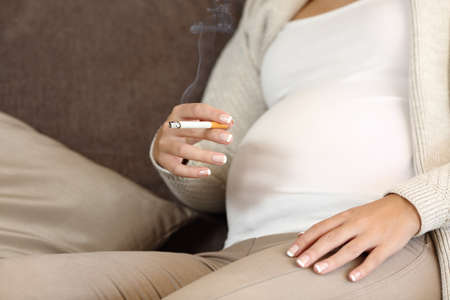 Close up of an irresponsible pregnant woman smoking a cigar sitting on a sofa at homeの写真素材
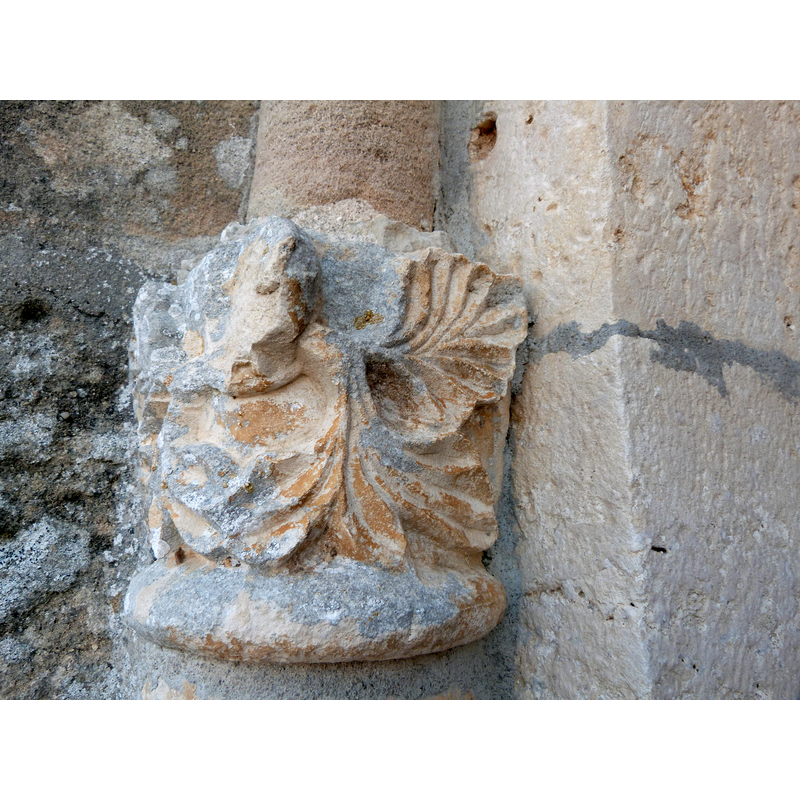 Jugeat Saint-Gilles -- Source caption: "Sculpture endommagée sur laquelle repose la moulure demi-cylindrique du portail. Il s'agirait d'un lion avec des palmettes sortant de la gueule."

______

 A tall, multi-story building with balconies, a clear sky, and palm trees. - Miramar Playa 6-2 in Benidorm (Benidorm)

______

#### Your goal:
Though the entries above contain pictures, none should be copied; reproduce only the lines between the one holding "Close up of" and the one holding "Jugeat Saint-Gilles -- Source", inclusive, exactly as written.

#### Solution to this problem:
 Close up of an irresponsible pregnant woman smoking a cigar sitting on a sofa at homeの写真素材
 Jugeat Saint-Gilles -- Source caption: "Sculpture endommagée sur laquelle repose la moulure demi-cylindrique du portail. Il s'agirait d'un lion avec des palmettes sortant de la gueule."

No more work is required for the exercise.